* **ASSIGNED TASK**:
All of the data needs to be printed again, exactly as written.

..........

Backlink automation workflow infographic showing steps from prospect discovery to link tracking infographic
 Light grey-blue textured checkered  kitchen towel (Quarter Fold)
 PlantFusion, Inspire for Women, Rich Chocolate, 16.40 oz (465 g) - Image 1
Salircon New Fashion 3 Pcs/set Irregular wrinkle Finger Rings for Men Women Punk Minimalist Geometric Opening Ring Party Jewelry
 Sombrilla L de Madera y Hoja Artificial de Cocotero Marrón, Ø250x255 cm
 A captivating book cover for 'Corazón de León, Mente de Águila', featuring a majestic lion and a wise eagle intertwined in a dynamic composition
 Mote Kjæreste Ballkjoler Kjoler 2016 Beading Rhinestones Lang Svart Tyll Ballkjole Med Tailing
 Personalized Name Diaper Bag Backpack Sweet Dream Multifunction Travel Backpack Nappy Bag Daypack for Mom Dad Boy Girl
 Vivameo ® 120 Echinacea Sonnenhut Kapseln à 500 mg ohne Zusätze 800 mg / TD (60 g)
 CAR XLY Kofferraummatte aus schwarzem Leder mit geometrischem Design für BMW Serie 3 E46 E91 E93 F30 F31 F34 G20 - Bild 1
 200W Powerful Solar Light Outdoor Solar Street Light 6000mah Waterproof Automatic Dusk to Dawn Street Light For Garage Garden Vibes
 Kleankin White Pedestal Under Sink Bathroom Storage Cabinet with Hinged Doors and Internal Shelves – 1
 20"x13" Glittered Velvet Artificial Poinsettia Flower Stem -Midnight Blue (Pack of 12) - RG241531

..........

* **SOLUTION TO THIS PROBLEM**:
Backlink automation workflow infographic showing steps from prospect discovery to link tracking infographic
 Light grey-blue textured checkered  kitchen towel (Quarter Fold)
 PlantFusion, Inspire for Women, Rich Chocolate, 16.40 oz (465 g) - Image 1
Salircon New Fashion 3 Pcs/set Irregular wrinkle Finger Rings for Men Women Punk Minimalist Geometric Opening Ring Party Jewelry
 Sombrilla L de Madera y Hoja Artificial de Cocotero Marrón, Ø250x255 cm
 A captivating book cover for 'Corazón de León, Mente de Águila', featuring a majestic lion and a wise eagle intertwined in a dynamic composition
 Mote Kjæreste Ballkjoler Kjoler 2016 Beading Rhinestones Lang Svart Tyll Ballkjole Med Tailing
 Personalized Name Diaper Bag Backpack Sweet Dream Multifunction Travel Backpack Nappy Bag Daypack for Mom Dad Boy Girl
 Vivameo ® 120 Echinacea Sonnenhut Kapseln à 500 mg ohne Zusätze 800 mg / TD (60 g)
 CAR XLY Kofferraummatte aus schwarzem Leder mit geometrischem Design für BMW Serie 3 E46 E91 E93 F30 F31 F34 G20 - Bild 1
 200W Powerful Solar Light Outdoor Solar Street Light 6000mah Waterproof Automatic Dusk to Dawn Street Light For Garage Garden Vibes
 Kleankin White Pedestal Under Sink Bathroom Storage Cabinet with Hinged Doors and Internal Shelves – 1
 20"x13" Glittered Velvet Artificial Poinsettia Flower Stem -Midnight Blue (Pack of 12) - RG241531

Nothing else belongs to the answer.